This code should be old hat to anyone coming from a Java background.  Under the surface, this code is compiled into a while-loop with an iterator and an increment operation.  The code steps through the array, assigning each successive element to name.  Most statically typed languages have a construct similar to this.  For example, C# offers the foreach statement, which is almost precisely similar to Java’s enhanced for-loop, but with a slightly different syntax.  However, some languages (like Ruby) idiomatically eschew loops and rely instead on higher-order methods.  Translating the above into Ruby yields the following:

names = ['Daniel', 'Chris', 'Joseph']
names.each do |name|
  puts name
end

In this case, we aren’t using a loop of any kind, but rather creating a block (Ruby’s name for a closure) which takes a single parameter and passes it to the built-in puts method.  This block is then passed as an object to the each method of class Array, which calls the block once for each element in series.  Certainly, there is a language construct which encapsulates this, but using the each method directly is considered more “Ruby”.

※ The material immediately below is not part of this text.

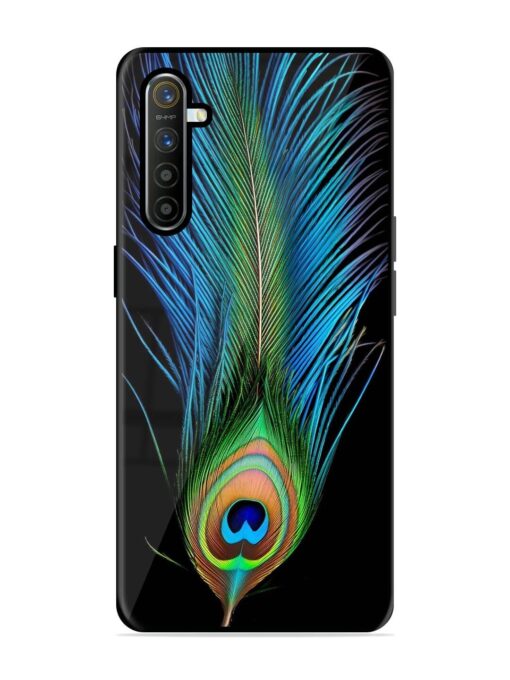 Peacock Feather Glossy Metal TPU Phone Cover for Realme Xt Zapvi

The same approach is taken in Scala.  Rather than define a special construct for iteration, Scala simply provides the syntactic tools needed to construct higher-order methods like Ruby’s each.  Every collection in Scala’s library defines (or inherits) a foreach method (taking after its C# ancestry) which behaves precisely like Ruby’s each.  To show how, we will translate our example once more, this time into Scala:

val names = Array("Daniel", "Chris", "Joseph")
names.foreach { name =>
  println(name)
}

Here we define an anonymous method (Scala’s name for a closure) which takes a single parameter.  As in Ruby, this closure is passed to foreach and invoked for each array element.  In this way, foreach is a a so-called “higher-order” method, due to the fact that it accepts a parameter which is itself another method.  Scala’s implementation of this concept is actually a bit more general than Ruby’s, allowing us to shorten our example into the following:

val names = Array("Daniel", "Chris", "Joseph")
names.foreach(println)

This time, instead of creating an anonymous method to pass to foreach, we simply pass the println method itself.  The only criterion that foreach imposes on its parameter is that it is a method which accepts a single parameter of type String (the element type of the array).  Since we already have just such a method (println), there is no need to define another simply for encapsulation.

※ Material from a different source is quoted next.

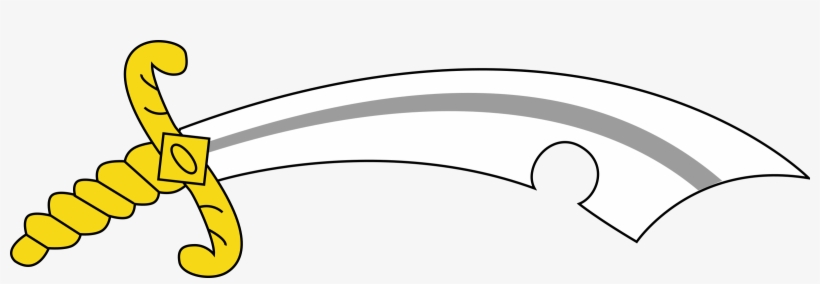 Open - Arabian Sword Clip Art, transparent png #3498036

Unfortunately, despite its flexibility, foreach is not always the most syntactically concise way to iterate over a collection.  There are times that we just want to use a syntax which is similar to the for-loops available in other languages.  Well, fear not!  Scala’s for-comprehensions are more than capable of providing just such a syntax.  Consider the example of imperatively summing the values of a list:

val nums = List(1, 2, 3, 4, 5)
 
var sum = 0
for (n <- nums) {
  sum += n
}

At compile-time, the above is actually translated into an equivalent call to foreach, passing the body of the loop as the anonymous method.  This means that any class which correctly declares a foreach method may be used in a for-comprehension in this way, greatly reducing the syntactic overhead.

Folding

Looping is nice, but sometimes there are situations where it is necessary to somehow combine or examine every element in a collection, producing a single value as a result.  An example of this could be our previous example of summing a list.  Using foreach, we had to make use of a mutable variable (sum) and produce the result as a side effect.  This is fine for hybrid languages like Scala, but some languages actually lack mutable variables altogether.  In the previous post, I mentioned ML, which is a pure-functional language (almost).  Since pure-functional languages lack mutable state, the gods of computing needed to come up with some other way to accommodate this particular case.  The solution is called “folding”.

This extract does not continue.